Rewind 10 years. Most of us weren’t sipping natural wine on an average Friday night. But what a difference a decade makes.

Minimal-intervention drops sit pride of place on any wine list in Adelaide worth ordering from. But time for Leigh Street's first dedicated all-natural-wine bar (joining La Buvette on Gresham Street and The Summertown Aristologist in the Hills) is ripe.

Leigh Street Wine Room, due to open in the West End in late July, will replace the longstanding dry cleaners next to Udaberri, joining a precinct with some of the city’s best drinking dens. With Pink Moon Saloon, Clever Little Tailor, Maybe Mae, Alfred’s Bar and Malt & Juniper – to name a few – all within a 200-metre radius, competition is stiff. But owner Nathan Sasi knows how to make an impact.

The famed Sydney chef opened opulent Spanish diner Mercado in 2016 after making a splash at Nomad. He’s currently executive chef across Oliver Brown’s venues NOLA, The Stag (and soon-to-open Yiasou George), and Anchovy Bandit.

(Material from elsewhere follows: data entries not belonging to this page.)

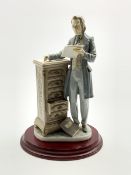 Lladro figure 'The Attorney' on a wooden base No. 5213 H34cm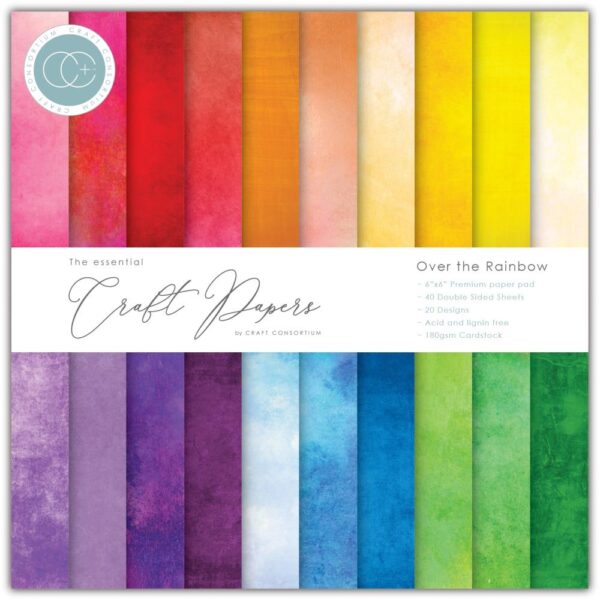 Craft Consortium Double-Sided Paper Pad 6"X6" -- Over the Rainbow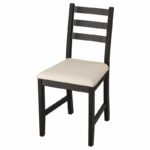 صندلی چوبی ایکیا LERHAMN – مشکی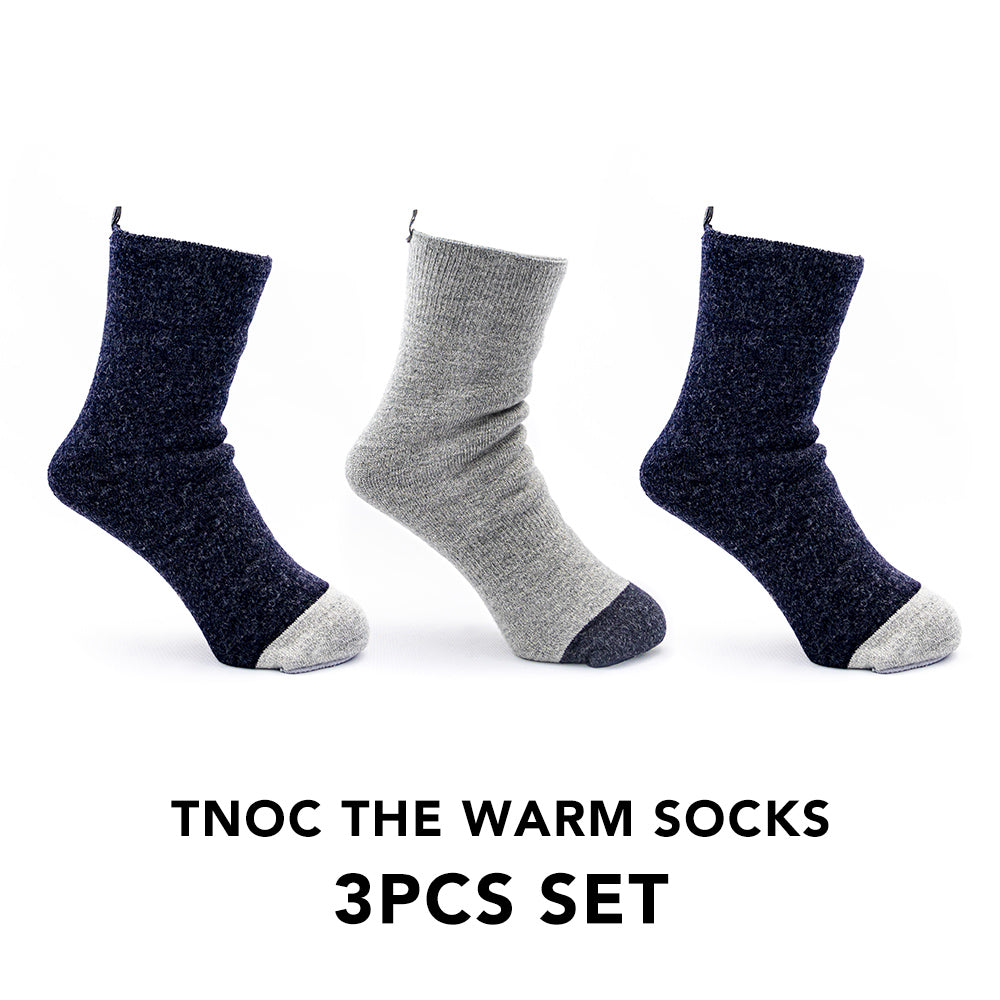 【送料無料】TNOC THE WARM SOCKS 3PCS SET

The strictly natural wine list will be SA-heavy, with big names such as Lucy Margaux, Shobbrook Wines and Gentle Folk, as well as Margaret River producer Revelation, which Sasi says is making “some of the best wine in Australia at the moment”. On the international front, expect a strong French slant, plus some drops from Italy and Spain.

There’ll be around 100 listed bottles, but what’s on-pour will differ from day to day. “We’ve got some really great allocations but some stuff we might only have two or three bottles of,” Sasi says.

Debate on whether the term “natural wine” is still useful has been swirling recently. “It’s a little hard to define in this day and age,” says Sasi. “We’ll focus on producers that either farm organically, bio-dynamically, or use as little intervention in the winemaking process as possible.”

The beer and cider list will be similarly lo-fi. Try beers fermented with wild, native yeast by Sydney brewer Wildflower. Plus there’ll be pre-batch cocktails.

Sasi has tapped Studio-Gram to design an intimate, 40-seat spot that bucks the trend of its timber-clad neighbours. A sprawling terrazzo bar (with seats on either side) will run down the middle. Above, there’ll be a dome ceiling and what’s almost become the calling card of West End bars – a mezzanine level. “A lot of the other projects I’ve owned and run have been very big, restaurant-y ones,” Sasi says. This one is only 100-odd square metres, “But some of the bars I love most have really tight, cosy atmospheres,” he says.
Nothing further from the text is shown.